Ein Thema dominiert das Treffen der Staatenlenker: Flucht und Migration. Schon beim Landeanflug auf New York erspähten einige der Delegierten vielleicht die Freiheitsstatue in der Oberen Bucht von New York, manche erinnerten sich vielleicht an die am Sockel eingemeißelte Verheißung: "Gebt mir eure Müden, eure Armen, eure geknechteten Massen, die frei zu atmen begehren . . ." Über Flüchtlinge wird viel gesprochen in New York in diesen Tagen, über die "bemitleidenswerten Abgelehnten eurer gedrängten Küsten", doch niemand wird sagen: "Schickt sie mir, die Heimatlosen, vom Sturme Getriebenen."

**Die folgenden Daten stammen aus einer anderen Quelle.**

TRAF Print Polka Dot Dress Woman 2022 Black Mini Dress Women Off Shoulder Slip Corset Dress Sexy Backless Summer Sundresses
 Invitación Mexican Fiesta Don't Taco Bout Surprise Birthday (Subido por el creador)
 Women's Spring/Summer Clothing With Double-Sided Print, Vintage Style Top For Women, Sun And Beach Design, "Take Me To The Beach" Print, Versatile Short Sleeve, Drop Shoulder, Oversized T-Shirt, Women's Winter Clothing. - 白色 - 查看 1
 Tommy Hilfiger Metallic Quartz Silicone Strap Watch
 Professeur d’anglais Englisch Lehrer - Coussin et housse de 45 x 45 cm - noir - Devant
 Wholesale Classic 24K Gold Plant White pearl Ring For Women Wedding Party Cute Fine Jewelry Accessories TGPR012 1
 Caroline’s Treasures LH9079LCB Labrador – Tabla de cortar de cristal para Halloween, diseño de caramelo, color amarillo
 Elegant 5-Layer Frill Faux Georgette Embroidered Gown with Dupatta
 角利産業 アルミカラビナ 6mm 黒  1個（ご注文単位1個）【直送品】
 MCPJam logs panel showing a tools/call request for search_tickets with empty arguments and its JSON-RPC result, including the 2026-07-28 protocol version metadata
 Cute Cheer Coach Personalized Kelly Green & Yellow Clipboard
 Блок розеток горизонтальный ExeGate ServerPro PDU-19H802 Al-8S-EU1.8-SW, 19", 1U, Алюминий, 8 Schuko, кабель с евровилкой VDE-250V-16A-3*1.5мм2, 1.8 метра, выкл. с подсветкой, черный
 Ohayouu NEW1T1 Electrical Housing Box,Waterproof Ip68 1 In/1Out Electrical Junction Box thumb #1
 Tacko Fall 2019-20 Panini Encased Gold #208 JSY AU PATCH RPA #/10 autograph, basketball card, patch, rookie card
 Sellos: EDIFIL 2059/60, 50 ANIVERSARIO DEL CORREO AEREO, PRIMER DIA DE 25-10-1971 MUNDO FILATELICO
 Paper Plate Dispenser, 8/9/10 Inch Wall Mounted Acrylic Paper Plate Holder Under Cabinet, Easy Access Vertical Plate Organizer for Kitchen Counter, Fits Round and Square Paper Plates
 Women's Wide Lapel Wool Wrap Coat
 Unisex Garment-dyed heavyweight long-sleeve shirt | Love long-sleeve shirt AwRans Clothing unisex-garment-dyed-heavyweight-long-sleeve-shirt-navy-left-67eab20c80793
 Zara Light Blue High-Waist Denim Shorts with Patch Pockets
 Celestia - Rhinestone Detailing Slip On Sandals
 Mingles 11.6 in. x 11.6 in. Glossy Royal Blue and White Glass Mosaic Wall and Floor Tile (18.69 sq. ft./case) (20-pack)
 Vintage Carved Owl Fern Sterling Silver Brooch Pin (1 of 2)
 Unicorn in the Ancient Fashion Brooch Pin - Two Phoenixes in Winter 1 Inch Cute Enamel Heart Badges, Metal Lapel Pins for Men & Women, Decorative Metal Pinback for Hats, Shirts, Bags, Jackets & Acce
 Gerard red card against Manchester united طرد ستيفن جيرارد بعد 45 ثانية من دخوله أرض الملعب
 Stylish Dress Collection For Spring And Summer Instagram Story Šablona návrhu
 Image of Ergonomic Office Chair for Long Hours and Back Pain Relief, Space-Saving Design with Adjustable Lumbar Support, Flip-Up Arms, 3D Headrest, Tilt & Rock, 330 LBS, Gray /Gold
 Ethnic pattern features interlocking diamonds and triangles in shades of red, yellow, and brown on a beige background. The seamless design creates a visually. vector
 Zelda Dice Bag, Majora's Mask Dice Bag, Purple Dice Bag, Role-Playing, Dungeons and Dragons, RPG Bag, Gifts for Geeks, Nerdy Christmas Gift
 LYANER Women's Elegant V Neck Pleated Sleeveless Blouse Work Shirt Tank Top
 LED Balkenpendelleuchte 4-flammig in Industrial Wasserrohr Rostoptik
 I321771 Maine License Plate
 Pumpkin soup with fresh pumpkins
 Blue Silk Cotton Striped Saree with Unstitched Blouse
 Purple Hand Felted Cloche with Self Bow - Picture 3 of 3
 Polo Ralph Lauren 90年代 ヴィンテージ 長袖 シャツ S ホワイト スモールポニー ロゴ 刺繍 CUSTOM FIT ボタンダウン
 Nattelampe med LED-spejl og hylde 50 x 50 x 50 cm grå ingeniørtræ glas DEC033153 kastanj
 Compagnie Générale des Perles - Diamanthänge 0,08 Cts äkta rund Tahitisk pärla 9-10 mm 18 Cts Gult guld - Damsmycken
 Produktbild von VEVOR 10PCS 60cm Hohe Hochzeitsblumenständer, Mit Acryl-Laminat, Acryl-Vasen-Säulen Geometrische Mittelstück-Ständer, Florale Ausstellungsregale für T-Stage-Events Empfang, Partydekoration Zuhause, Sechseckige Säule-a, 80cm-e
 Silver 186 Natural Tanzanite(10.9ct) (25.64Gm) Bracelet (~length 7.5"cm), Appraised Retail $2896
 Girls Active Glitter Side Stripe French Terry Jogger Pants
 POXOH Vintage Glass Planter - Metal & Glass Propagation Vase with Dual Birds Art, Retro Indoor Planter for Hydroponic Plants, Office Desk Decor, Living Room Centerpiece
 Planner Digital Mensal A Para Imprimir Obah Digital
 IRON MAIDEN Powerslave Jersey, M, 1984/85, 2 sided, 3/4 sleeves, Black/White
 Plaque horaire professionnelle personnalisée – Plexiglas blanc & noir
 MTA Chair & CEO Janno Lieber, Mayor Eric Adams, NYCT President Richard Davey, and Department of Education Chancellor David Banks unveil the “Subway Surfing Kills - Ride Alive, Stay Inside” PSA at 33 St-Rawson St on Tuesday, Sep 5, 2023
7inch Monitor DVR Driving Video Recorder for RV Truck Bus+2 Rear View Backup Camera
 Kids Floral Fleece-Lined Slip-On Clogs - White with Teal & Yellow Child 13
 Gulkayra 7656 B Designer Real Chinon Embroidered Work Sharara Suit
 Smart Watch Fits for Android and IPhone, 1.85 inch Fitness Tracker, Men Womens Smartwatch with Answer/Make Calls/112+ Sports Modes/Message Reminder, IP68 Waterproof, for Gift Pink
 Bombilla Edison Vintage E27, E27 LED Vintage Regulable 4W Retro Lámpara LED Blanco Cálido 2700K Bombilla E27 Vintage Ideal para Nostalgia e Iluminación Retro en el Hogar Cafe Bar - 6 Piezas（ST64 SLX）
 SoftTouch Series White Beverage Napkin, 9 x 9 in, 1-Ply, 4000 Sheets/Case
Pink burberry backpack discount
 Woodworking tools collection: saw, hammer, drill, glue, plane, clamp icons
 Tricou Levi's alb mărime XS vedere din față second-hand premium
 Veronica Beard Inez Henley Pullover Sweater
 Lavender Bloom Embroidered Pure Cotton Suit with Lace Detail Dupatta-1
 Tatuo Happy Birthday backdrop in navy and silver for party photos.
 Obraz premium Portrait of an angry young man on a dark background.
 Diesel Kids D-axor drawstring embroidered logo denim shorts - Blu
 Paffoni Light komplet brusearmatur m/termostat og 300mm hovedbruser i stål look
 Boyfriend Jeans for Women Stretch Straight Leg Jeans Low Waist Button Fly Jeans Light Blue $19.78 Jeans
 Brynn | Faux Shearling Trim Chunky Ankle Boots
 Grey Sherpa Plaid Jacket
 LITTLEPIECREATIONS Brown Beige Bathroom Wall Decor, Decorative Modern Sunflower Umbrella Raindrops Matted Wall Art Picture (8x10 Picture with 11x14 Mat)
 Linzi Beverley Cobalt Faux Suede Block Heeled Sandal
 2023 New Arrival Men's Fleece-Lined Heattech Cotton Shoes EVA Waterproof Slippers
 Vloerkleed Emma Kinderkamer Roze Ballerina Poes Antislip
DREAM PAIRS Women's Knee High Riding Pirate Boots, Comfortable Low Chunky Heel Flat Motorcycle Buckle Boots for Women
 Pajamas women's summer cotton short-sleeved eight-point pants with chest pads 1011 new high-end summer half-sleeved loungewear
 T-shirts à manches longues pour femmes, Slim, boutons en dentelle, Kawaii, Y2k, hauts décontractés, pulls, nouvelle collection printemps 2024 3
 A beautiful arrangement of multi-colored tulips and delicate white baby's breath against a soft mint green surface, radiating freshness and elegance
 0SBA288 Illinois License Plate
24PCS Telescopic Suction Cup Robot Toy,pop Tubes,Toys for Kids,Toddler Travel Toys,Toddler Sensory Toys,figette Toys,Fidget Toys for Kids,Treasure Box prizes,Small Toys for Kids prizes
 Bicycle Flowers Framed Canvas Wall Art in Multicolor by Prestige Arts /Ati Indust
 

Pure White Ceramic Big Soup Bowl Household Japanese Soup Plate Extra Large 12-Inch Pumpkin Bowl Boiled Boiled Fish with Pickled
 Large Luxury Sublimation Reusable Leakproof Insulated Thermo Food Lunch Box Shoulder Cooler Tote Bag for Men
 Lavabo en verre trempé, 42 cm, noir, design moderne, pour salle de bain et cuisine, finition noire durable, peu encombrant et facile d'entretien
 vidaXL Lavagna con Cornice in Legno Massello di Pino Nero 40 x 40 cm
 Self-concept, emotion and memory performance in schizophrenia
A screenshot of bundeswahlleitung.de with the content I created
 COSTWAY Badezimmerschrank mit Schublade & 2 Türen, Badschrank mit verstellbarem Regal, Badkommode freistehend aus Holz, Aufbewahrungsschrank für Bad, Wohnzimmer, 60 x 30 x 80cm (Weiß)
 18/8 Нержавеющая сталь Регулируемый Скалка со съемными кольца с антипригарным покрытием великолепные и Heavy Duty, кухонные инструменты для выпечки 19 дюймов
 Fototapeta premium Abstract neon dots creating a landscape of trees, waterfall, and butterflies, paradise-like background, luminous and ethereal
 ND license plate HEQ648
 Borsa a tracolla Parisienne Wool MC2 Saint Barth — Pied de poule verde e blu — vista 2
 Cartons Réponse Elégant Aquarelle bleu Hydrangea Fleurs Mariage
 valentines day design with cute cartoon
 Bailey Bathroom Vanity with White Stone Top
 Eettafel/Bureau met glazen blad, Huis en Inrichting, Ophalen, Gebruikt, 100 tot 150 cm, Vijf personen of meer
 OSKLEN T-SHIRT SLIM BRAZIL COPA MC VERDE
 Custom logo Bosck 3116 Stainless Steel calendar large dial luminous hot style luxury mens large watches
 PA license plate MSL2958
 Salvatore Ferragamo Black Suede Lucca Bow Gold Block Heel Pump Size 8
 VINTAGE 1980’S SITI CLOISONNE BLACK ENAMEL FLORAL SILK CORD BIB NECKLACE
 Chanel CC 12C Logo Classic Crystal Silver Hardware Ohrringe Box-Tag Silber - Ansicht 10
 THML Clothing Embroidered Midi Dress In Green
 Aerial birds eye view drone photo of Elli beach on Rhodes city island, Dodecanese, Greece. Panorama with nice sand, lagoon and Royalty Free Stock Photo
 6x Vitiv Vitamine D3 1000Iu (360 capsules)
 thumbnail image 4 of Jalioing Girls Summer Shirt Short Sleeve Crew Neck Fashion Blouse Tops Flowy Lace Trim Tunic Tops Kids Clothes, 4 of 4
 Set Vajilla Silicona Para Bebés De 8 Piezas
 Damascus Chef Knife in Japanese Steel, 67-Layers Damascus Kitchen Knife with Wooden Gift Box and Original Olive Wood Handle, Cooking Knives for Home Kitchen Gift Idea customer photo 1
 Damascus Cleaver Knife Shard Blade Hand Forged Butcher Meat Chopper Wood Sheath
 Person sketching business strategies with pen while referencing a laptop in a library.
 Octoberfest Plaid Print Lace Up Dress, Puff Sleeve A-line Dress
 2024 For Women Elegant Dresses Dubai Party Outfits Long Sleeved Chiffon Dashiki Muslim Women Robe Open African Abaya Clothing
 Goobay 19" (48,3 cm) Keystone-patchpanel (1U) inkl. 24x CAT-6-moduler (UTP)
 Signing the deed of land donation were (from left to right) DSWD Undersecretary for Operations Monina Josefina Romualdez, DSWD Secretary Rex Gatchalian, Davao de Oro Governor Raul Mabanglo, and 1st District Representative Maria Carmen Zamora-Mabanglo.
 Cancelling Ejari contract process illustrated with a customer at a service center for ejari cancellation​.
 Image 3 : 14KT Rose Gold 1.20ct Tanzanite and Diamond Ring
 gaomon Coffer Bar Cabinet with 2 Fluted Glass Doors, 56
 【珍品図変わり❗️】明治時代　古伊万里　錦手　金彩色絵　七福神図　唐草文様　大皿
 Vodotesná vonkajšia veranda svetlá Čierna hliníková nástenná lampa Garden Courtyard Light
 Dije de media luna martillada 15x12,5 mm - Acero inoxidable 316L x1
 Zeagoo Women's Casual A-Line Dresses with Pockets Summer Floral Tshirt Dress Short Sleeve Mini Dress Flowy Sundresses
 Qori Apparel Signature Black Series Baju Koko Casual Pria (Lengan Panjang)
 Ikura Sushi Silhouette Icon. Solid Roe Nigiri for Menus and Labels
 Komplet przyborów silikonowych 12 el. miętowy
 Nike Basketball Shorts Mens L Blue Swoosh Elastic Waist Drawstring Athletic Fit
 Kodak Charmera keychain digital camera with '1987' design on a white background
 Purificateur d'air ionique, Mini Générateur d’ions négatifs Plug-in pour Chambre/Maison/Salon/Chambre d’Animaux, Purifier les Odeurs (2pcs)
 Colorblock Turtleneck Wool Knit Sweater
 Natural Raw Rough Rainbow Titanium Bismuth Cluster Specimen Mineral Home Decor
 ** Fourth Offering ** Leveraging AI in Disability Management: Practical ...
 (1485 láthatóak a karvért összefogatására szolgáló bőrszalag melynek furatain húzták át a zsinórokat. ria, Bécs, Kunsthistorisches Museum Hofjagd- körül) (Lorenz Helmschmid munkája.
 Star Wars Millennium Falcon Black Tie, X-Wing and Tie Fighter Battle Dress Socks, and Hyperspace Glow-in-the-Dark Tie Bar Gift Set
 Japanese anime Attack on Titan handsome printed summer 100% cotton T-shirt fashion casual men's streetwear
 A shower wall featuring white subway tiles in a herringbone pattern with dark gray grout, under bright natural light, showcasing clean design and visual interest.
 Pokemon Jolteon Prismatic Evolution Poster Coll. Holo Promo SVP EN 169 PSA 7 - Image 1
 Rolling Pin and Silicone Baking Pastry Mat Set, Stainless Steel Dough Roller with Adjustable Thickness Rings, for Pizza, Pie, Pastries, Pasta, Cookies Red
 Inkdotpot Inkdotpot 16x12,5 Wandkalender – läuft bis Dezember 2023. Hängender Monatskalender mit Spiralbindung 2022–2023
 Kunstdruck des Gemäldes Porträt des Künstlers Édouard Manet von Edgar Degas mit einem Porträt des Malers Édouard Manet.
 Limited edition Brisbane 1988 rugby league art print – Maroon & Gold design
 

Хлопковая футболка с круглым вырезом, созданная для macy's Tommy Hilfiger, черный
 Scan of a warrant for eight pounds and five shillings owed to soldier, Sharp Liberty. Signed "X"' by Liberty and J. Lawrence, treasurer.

Das Treffen in New York macht begreiflich: Die ganze Welt ist Innenpolitik. Wenn etwa Kanzler Christian Kern in New York sagt, die UNO spiele eine wesentliche Rolle bei der Bewältigung des Flüchtlingsproblems, und hinzufügt: "Einzelne Länder können diese Last nicht allein schultern." Und wenn Außenminister Sebastian Kurz von der Hilfe vor Ort spricht, die es aufzustocken gelte, dann wenden beide Politiker sich nicht nur an ihre Kollegen aus den UN-Mitgliedsländern - sondern auch an die Wähler in Österreich. Freilich, Politik ist die Kunst des Machbaren: Und so muss auf die schönen Reden das langsame Bohren harter Bretter mit Leidenschaft und Augenmaß, wie Max Weber schrieb, folgen.

Aber: Wenn ein grausamer Bürgerkrieg die Menschen in Syrien in die Flucht auch nach Österreich treibt oder Staatszerfall, wirtschaftliche Malaise oder Unterdrückung in ganzen Landstrichen Afrikas die Menschen nach Norden ziehen lassen, dann machen die schönen Reden vom globalen Dorf und von der Weltgemeinschaft plötzlich sehr viel Sinn.